A highly concentrated market is one in which the share of the four (4) largest insurers is seventy-five percent (75%) or more of the market. Percentages not shown in the tables are interpolated proportionately to the percentages that are shown. If more than two (2) insurers or health service organizations are involved, exceeding the total of the two columns in the table is prima facie evidence of violation of the competitive standard in clause (1). For the purpose of this paragraph, the insurer with the largest share of the market shall be deemed to be Insurer A.

(B) There is a significant trend toward increased concentration when the aggregate market share of any grouping of the largest insurers in the market, from the two (2) largest to the eight (8) largest, has increased by seven percent (7%) or more of the market over a period of time extending from any base year five (5) to ten (10) years prior to the acquisition up to the time of the acquisition. Any acquisition or merger covered under subsection (b) of this section involving two (2) or more insurers competing in the same market is prima facie evidence of violation of the competitive standard in clause (1) if:

(i) There is a significant trend toward increased concentration in the market;

(ii) One of the insurers involved is one of the insurers in a grouping of large insurers showing the requisite increase in the market share; and

(iii) Another involved insurer’s market is two percent (2%) or more.

(C) For the purposes of this clause:

(i) The term “insurer or health service organization” includes any company or group of companies under common management, ownership or control.

(ii) The term “market” means the relevant product and geographical markets. In determining the relevant product and geographical markets, the Commissioner shall give due consideration to, among other things, the definitions or guidelines, if any, promulgated by the NAIC and to information, if any, submitted by parties of the acquisition.
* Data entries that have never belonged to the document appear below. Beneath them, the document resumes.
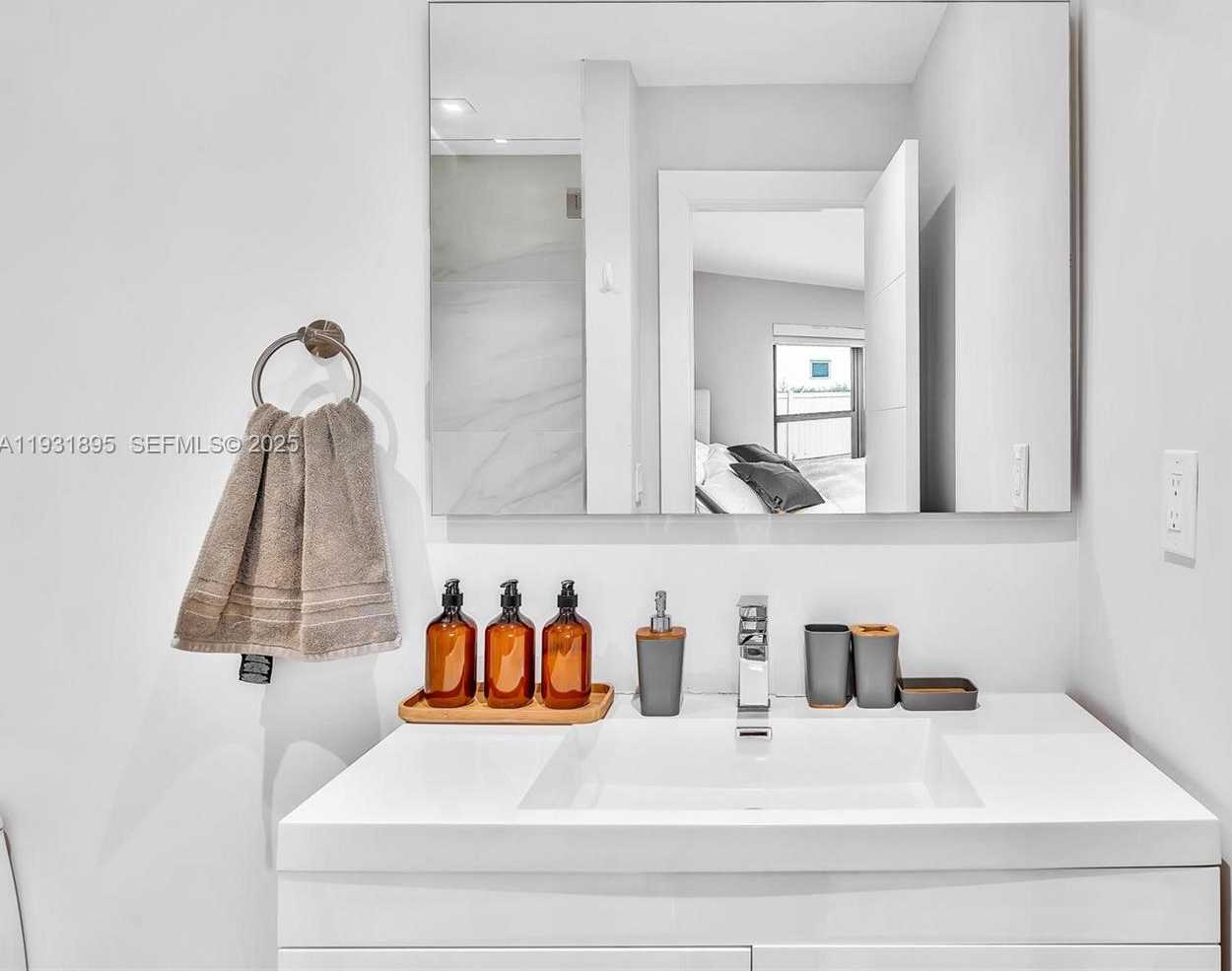 Small Image of 536 HIBISCUS DR, Hallandale Beach Number 30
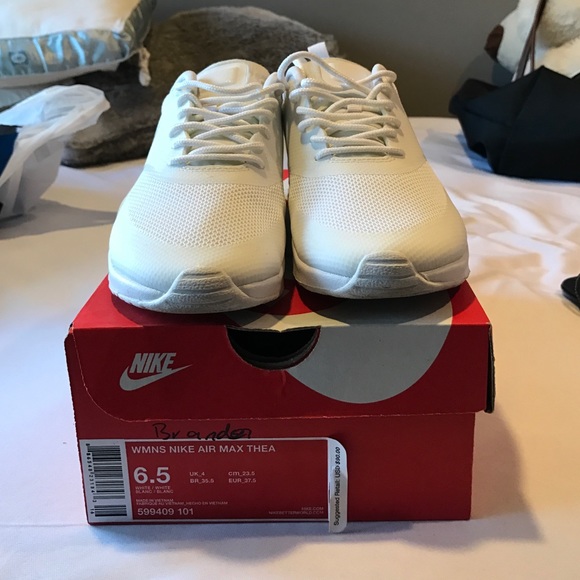 Women's white Nike air max Thea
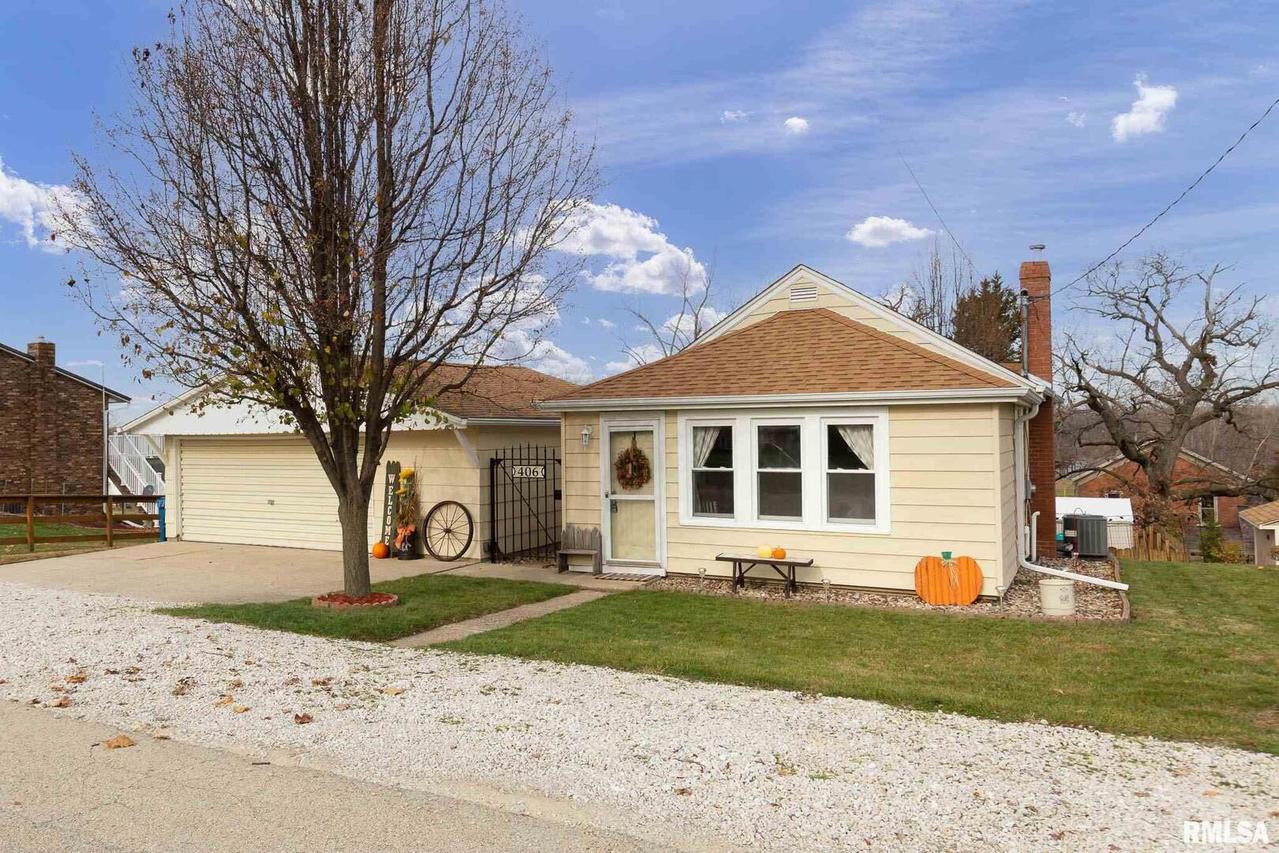 406 N Bluff St., Albany, IL 61230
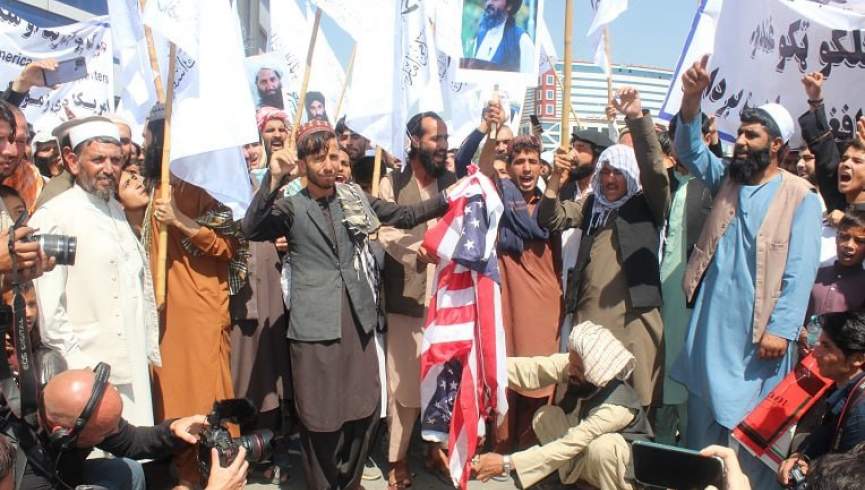 صرافان در واکنش به حمله هوایی امریکا پرچم آن کشور را آتش زدند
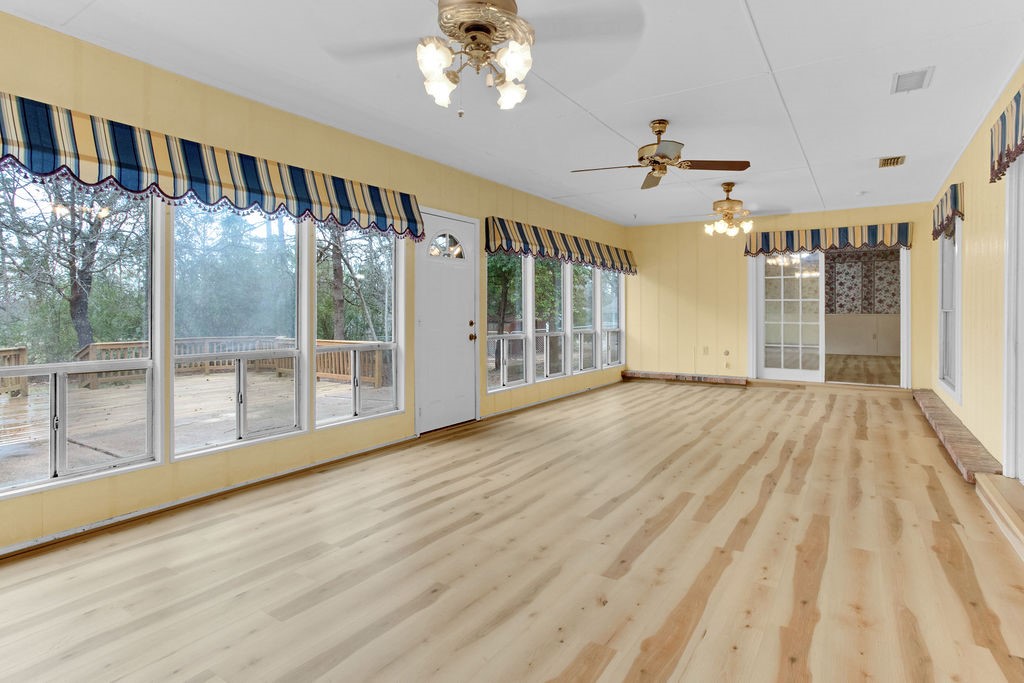 307 Easy Drive Hideaway TX 75771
In the absence of sufficient information to the contrary, the relevant product market is assumed to be the direct written insurance premium for a line of business, such line being that used in the annual statement required to be filed by insurers and health service organizations doing business in Puerto Rico, and the relevant geographical market is assumed to be Puerto Rico.

(iii) The burden of showing prima facie evidence of violation of the competitive standard rests upon the Commissioner.
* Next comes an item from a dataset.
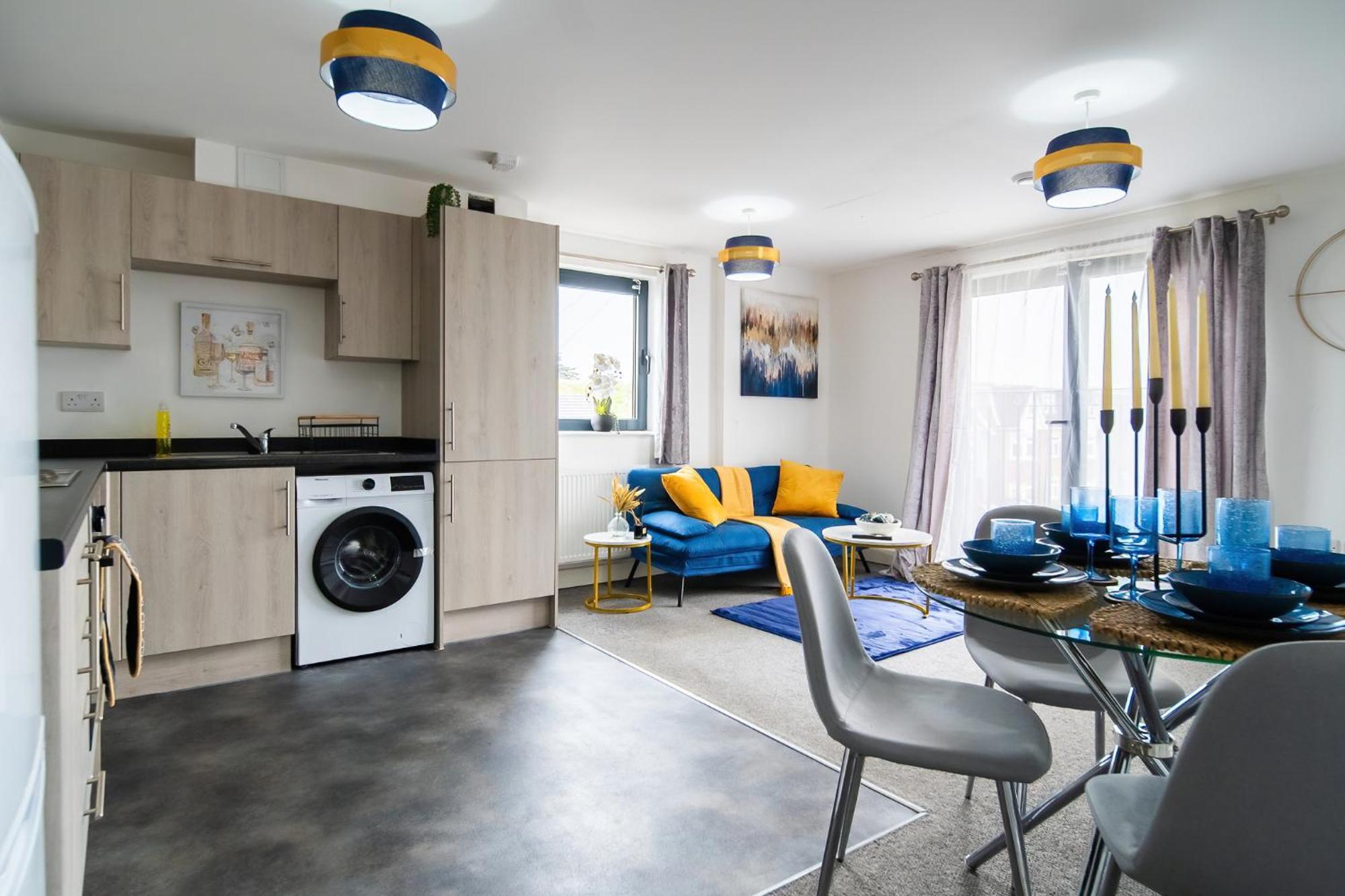 Modern Apartments With Free Parking Near Heathrow Colnbrook Exterior photo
(D) Even though an acquisition is not prima facie violative of the competitive standard under paragraphs (A) and (B), the Commissioner may establish the requisite anticompetitive effect based upon other substantial evidence. Even though an acquisition is prima facie violative of the competitive standard under paragraphs (A) and (B), a party may establish the absence of the requisite anticompetitive effect based upon other substantial evidence. Relevant factors in making a determination under this paragraph include, but are not limited to, the following: market shares, volatility of ranking of market leaders, number of competitors, concentration, trend of concentration in the industry, and ease of entry and exit into the market.

(3) An order may not be entered under subsection (e)(1) of this section if:

(A) The acquisition will yield substantial economies of scale or economies in resource utilization that cannot be feasibly achieved in any other way, and the public benefits which would arise from such economies exceed the public benefits which would arise from not lessening competition.
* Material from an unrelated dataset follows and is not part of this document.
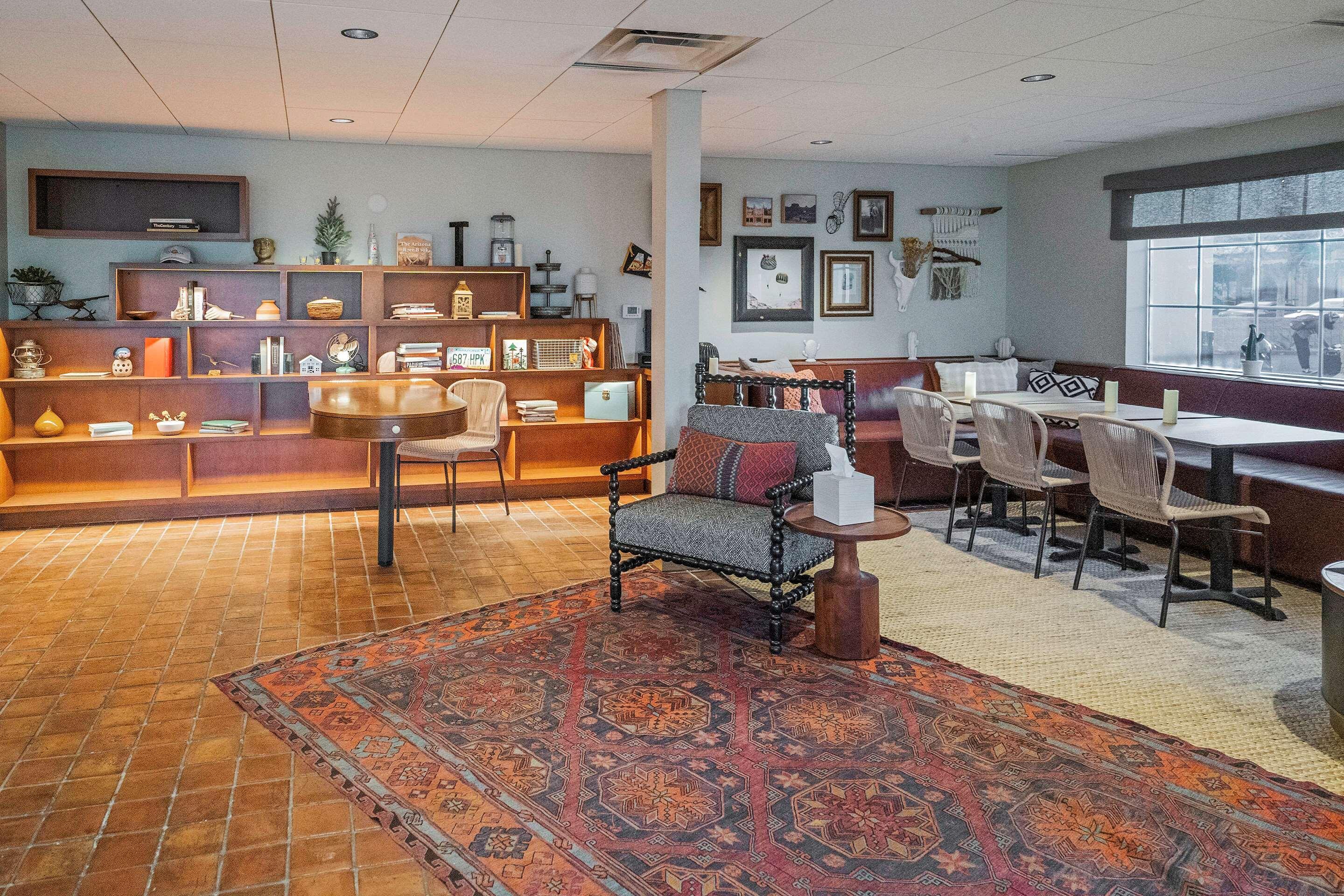 La Quinta Inn & Suites By Wyndham Tempe University, Phoenix Экстерьер фото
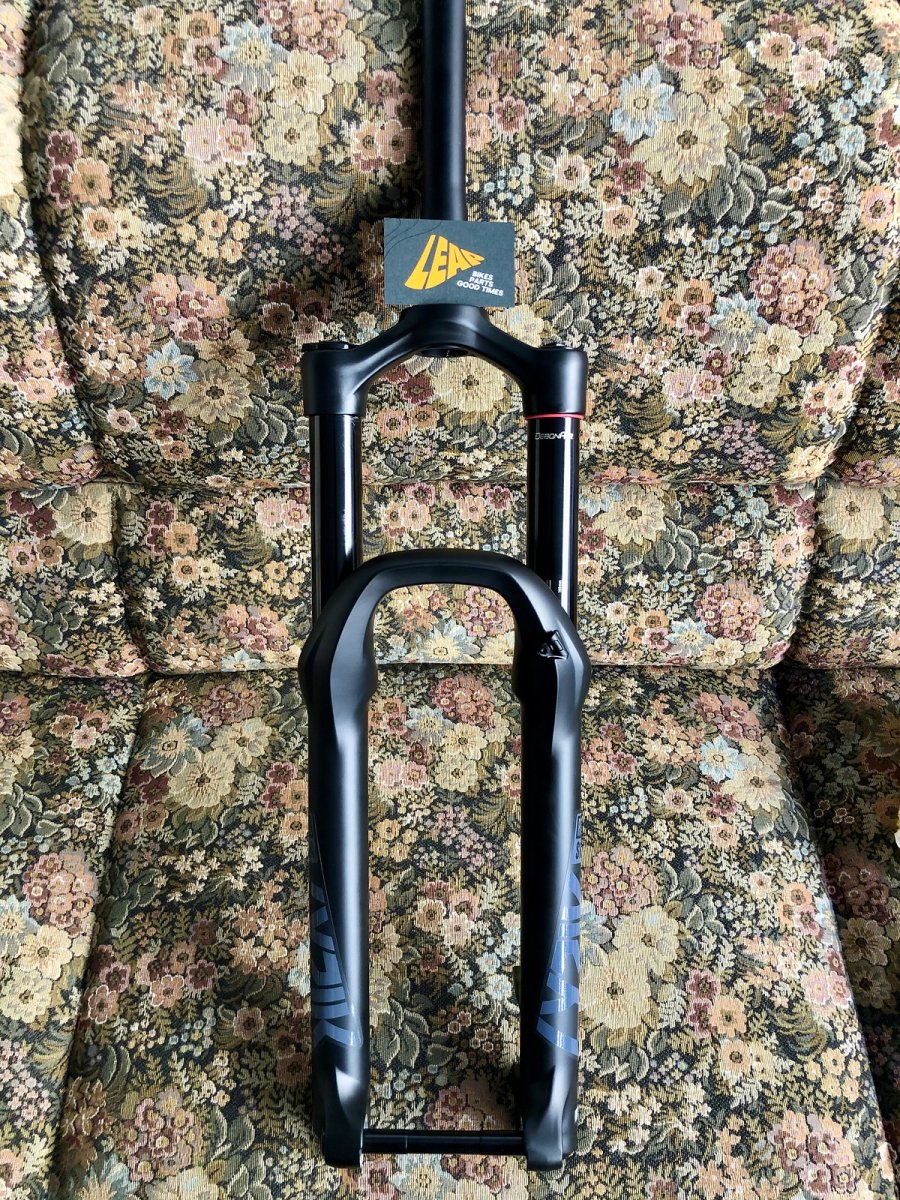 Вилка RockShox Lyrik Select RC 27.5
(B) The acquisition will substantially increase the availability of insurance, and the public benefits of the increase exceed the public benefits which would arise from not lessening competition.

(e) Orders and penalties.—

(1) If an acquisition violates the standards of this section, the Commissioner may enter an order:

(A) Requiring an involved insurer or health service organization to cease and desist from doing business in his/her jurisdiction with respect to the line or lines of insurance involved in the violation; or

(B) Denying the application of an acquired or acquiring insurer or health service organization for a license to do business.

(2) Any orders shall be subject to the provisions in Chapter 2 of this Code. Any order pursuant to this subsection shall not apply if the acquisition is not consummated.

(3) Any person who violates a cease and desist order of the Commissioner under clause (1) and while the order is in effect shall, after notice and hearing and upon order of the Commissioner, be subject at the discretion of the Commissioner to one or more of the following:

(A) A monetary penalty of not more than $10,000 for every day of violation; or

(B) Suspension or revocation of the person’s license.

(4) Any insurer, health service organization, or other person who fails to make any filing required by this section, and who also fails to demonstrate a good faith effort to comply with any filing requirement, shall be subject to a fine of not more than $50,000.

(f) Inapplicable provisions.— Sections 4410(b), 4410(c) and 4412 of this title do not apply to acquisitions covered under subsection (b) Of this section.

History —Ins. Code, added as § 44.040 on Mar. 7, 2012, No. 51, § 1, eff. 30 days after Mar. 7, 2012.